NVIDIA #20210102.1 Pipeline Failure

xpillons opened this issue · 4 comments

Manually reran the pipeline. Gen2 passed.
Gen1 failed with error
Resource : gpumaster - OSProvisioningTimedOut
Message : OS Provisioning for VM 'gpumaster' did not finish in the
allotted time. The VM may still finish provisioning
successfully. Please check provisioning state later. For
details on how to check current provisioning state of
Windows VMs, refer to https://aka.ms/WindowsVMLifecycle and
Linux VMs, refer to https://aka.ms/LinuxVMLifecycle.
None
Allocating NV12s_v3 is taking too long

@xpillons, got a similar failure today running the nvidia pipiline.
https://azurecat.visualstudio.com/hpccat/_build/results?buildId=10563&view=logs&j=40a7dfaa-edcf-57d7-da50-33204f1e0241&t=eef1fa0f-de1b-545a-8af2-256fc8a5c4c1&l=280
The time difference between "build install scripts" and the rsync error was only 2 seconds.
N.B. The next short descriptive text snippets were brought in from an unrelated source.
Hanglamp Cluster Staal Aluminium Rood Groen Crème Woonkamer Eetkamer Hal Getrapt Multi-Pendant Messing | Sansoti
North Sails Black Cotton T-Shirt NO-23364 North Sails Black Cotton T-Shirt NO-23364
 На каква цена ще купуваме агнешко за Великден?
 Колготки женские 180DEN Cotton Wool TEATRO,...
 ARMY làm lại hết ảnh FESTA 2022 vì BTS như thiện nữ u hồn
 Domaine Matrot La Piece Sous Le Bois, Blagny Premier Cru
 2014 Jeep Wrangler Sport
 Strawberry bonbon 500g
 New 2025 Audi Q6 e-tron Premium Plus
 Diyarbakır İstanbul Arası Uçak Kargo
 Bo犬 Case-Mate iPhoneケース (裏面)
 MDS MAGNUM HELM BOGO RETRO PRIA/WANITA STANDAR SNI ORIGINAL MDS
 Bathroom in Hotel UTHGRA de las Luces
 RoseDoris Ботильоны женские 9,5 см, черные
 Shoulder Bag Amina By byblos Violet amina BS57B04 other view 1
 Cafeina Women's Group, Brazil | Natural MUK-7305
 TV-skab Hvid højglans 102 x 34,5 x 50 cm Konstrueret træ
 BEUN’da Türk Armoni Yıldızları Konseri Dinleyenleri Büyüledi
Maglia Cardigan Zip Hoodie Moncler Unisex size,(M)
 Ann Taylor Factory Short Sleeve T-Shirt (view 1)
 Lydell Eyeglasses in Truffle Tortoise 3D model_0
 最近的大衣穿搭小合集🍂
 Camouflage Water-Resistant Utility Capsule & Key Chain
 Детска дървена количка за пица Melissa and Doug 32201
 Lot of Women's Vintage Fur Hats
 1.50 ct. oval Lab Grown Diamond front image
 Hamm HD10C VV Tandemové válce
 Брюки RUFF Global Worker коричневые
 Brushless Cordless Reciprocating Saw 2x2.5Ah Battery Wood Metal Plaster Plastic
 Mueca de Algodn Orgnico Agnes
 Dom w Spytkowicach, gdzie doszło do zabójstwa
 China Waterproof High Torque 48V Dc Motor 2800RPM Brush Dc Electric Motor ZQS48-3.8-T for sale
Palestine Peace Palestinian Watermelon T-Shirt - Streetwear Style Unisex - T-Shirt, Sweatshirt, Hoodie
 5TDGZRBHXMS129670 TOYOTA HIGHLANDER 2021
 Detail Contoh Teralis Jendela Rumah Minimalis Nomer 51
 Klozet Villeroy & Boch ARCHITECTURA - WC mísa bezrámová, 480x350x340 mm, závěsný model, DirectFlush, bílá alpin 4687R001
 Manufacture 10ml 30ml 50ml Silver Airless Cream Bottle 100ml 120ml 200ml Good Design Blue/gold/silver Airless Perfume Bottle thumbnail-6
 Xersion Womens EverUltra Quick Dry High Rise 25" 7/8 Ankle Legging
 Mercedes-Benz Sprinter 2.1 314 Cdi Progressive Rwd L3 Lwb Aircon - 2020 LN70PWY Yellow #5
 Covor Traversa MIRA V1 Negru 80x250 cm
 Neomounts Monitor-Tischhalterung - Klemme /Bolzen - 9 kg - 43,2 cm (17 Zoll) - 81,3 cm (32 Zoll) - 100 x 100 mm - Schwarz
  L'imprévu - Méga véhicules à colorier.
The error is a connection refused. I believe we already check thad sshd is running before trying to connect, but this does not fix the problem. If there is not a quick fix for this (i.e some additional flag), then maybe it would be worth the time to re-architect this (i.e. replace rsync with something else?). This type of error is occurring too often.

@edwardsp can you have a look to check why the prsync is failing ? I can see in the code that ssh is tested upfront, but I'm not 100% sure about the sequence. Otherwise maybe we should add a retry in the rsyn python wrapper function

ssh isn't tested before the initial rsync so I have just added a PR to add a test for ssh.